Lastimosamente, ésta es la historia de Doña Nora y de otras tantas familias que llegaron a Medellín huyendo de la violencia en sus municipios y que encontraron en Candamo un refugio para volver a empezar.
Mientras tanto, a tan sólo una cuadra de Candamo, un ángel sin alas decidió no ser indiferente ante el dolor de estos nuevos inquilinos: “Doña Marina, la de allí, pues la del parquecito... Porque hay muchos Marinas por acá, pero la del parque... Esa señora fue la mano derecha de nosotros. Yo a esa señora le tengo mucho que agradecer… Cuando me vine yo me traje un poco de menores de edad y allá comieron comida como un verriondo: Amanecía, los bañaba y ahí mismo, váyanse a desayunar allá. Después a almorzar. Ya por la tarde uno les daba la comidita. Es que Doña Marina... Si Dios me dijera que le aprobara el cielo... yo se lo aprobaba para ella, porque fue muy querida con nosotros. No conmigo, con muchos, con muchas personas”
Estos son los recuerdos que guarda Doña Nora de la Casita de Encuentro, una Fundación creada con poco dinero y mucho corazón para ayudar a tantas personas que no tenían un pan que darle a sus hijos: “La iniciativa la tomó la señora Marta Luz Urrea.

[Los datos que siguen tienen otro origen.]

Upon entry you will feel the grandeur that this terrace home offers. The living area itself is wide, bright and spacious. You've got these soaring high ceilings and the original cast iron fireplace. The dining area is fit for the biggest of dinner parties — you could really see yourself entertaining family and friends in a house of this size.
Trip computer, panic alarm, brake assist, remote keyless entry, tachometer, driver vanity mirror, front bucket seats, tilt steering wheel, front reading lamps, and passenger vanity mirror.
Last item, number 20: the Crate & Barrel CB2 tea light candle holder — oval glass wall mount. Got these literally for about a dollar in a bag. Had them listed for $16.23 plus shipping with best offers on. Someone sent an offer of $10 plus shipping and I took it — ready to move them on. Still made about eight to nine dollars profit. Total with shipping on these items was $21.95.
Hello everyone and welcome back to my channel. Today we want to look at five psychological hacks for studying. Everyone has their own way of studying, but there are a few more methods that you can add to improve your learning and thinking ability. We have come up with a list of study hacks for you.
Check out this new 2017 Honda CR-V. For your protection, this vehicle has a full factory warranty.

Me dijo que yo que era tan buena para la cocina y que a mi alrededor que había tanta población vulnerable, que entonces ¿por qué no montaba un comedor comunitario? Ella fue la que me dio el primer empujón y arranqué. Entonces hicimos un censo con los que en esa época, 2002, habían llegado al sector desplazados por la violencia. Venían de los municipios de San Carlos, Granada, de diferentes municipios de Antioquia.

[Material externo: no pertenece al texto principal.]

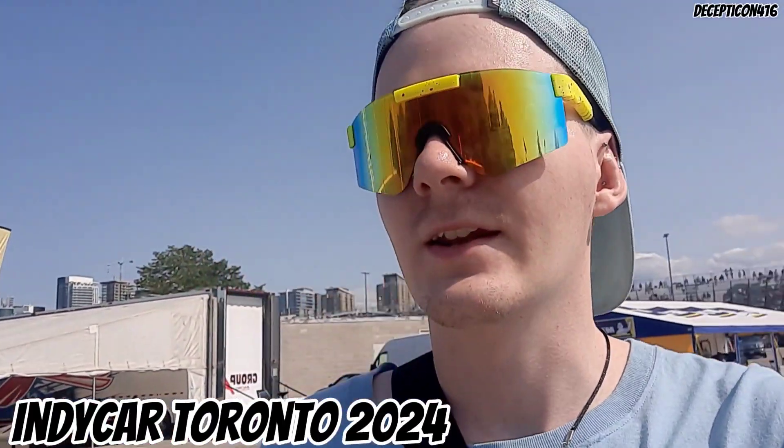So right now it's Friday at IndyCar. We're checking out all the cool stuff that's behind the pit walls. Let's see what they've got.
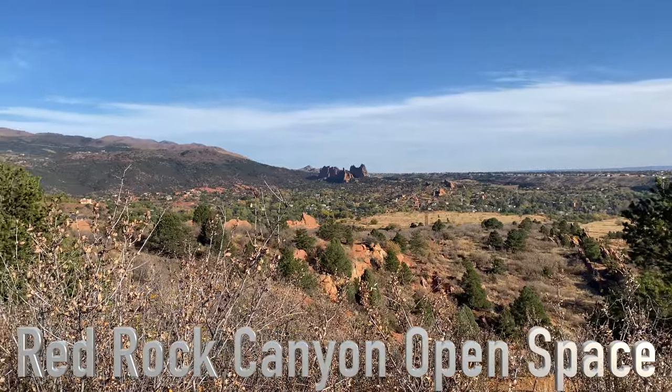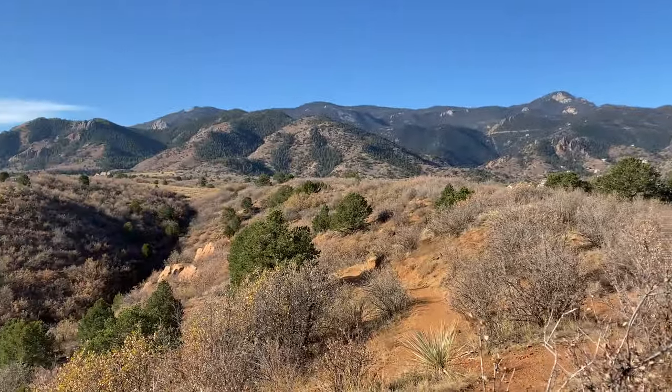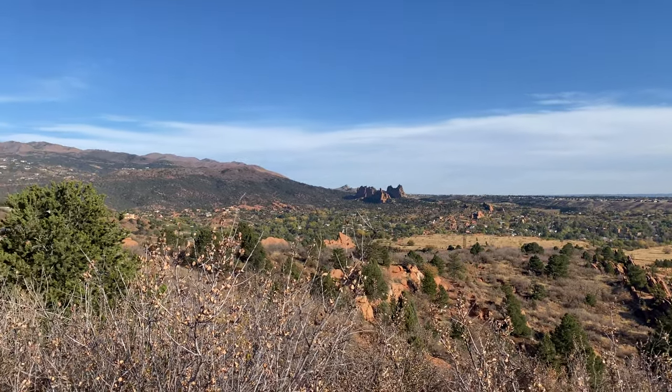The other thing we already knocked off our bucket list was Red Rock Canyon Open Space. It was so much fun and so pretty — a little less crowded than Garden of the Gods, but we went early and by the time we left around 10:30–11 it was getting more crowded, so I'd suggest going early. You can do all sorts of things there: rock climb, ride horses, mountain bike, hike. There are easier trails but you can make it harder, and you could probably spend a whole day exploring.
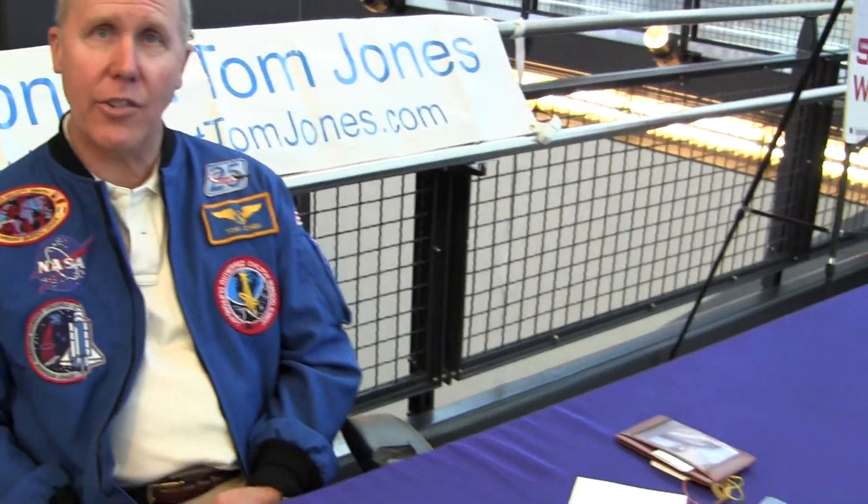And you're here at the Udvar-Hazy Air and Space Museum today for what reason? I'm here at the Air and Space Museum signing my books, Skywalking, Planetology, and Hell Hunts.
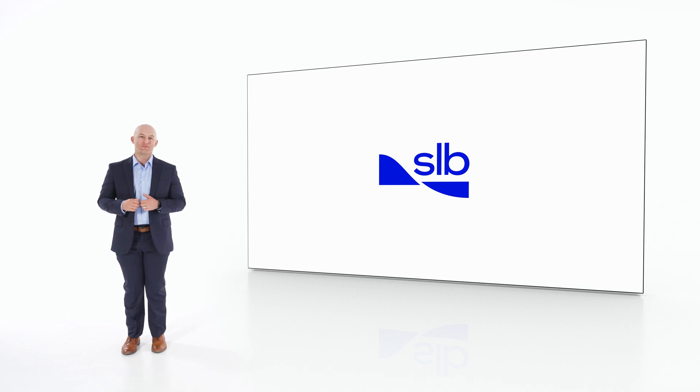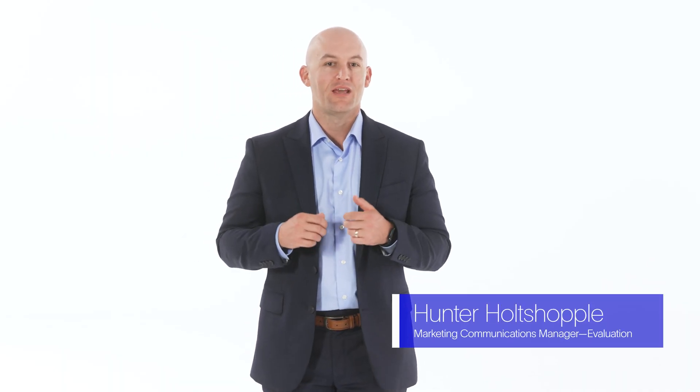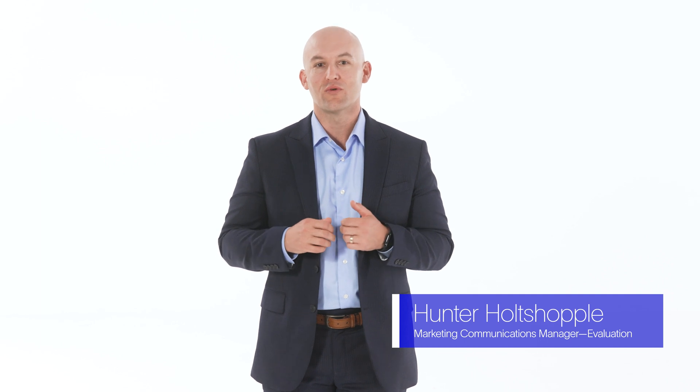Welcome, I'm Hunter Holtzapel. At SLB we provide limitless possibilities to improve your reservoir's performance, from evaluation to intervention to stimulation. In this video series we take you around the world to highlight how customers are optimizing their results using unique SLB solutions.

Te estoy hablando de familias de 4, 5, 6, 8 miembros muy marcados por la violencia. Entonces arranque con esas familias brindándoles alimentación de lunes a sábado a todo el grupo familiar” me cuenta Doña Luz Marina Orrego, directora y fundadora de la Fundación.
Esta iniciativa que partió de la solidaridad de una sola persona, pronto recibió el apoyo de diferentes profesionales que se unieron a la idea de aportar sus conocimientos a favor de los que más lo necesitaban. Una de ellas fue la Trabajadora Social Lucely Guarín, quien animó a Doña Marina a conformar legalmente la Fundación con el objetivo de recibir ayuda de la empresa privada. Y así fué. “Trabajamos con la Universidad Luis Amigó: aquí venían las practicantes de Desarrollo familiar. De la Universidad de Antioquía venían profesoras para ayudar a los padres de familia y motivarlos para que validaran primaria y bachillerato. Hizo presencia Fundación Éxito, que fue fundamental; Fundación Familiar y Social, ISAGEN Granos de Arena... Teníamos muchas entidades que nos estaban aportando”

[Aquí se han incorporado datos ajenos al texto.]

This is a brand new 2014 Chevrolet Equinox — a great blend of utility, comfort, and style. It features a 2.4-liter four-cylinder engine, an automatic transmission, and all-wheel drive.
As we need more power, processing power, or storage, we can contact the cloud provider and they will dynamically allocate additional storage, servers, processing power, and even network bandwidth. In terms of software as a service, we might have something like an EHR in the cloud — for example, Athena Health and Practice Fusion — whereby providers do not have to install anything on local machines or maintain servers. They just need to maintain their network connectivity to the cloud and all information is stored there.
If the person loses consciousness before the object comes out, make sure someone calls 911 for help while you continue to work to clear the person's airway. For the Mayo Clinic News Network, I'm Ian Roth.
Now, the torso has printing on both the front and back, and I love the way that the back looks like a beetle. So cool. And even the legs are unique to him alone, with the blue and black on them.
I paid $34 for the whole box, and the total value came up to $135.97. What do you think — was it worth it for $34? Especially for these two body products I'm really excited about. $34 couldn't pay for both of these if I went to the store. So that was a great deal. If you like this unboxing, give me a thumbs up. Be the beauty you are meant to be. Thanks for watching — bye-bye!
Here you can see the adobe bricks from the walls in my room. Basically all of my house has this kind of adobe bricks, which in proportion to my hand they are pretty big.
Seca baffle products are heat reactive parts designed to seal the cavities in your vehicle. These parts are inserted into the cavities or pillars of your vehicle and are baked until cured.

Toda esta ayuda fue más que necesaria y oportuna. Sentada en su sofá, Doña Marina me cuenta que la inmigración comenzó en 1999, cuando apenas existían 5 u 8 casitas. Para el 2008, tan sólo 9 años después, Candamo ya era una población que reunía 180 familias.
En 1999, Don José Libardo Vallejo era el presidente de la Junta de Acción Comunal de Loreto, barrio que alberga la población de Candamo: “Llegaron personas muy pobres, más que todo desplazados. Pero primero llegaron otras personas y empezaron a cercar y a vender lotes. Se apoderaron del terreno y lo vendieron por lotes. Entonces los desplazados comenzaron a comprar”.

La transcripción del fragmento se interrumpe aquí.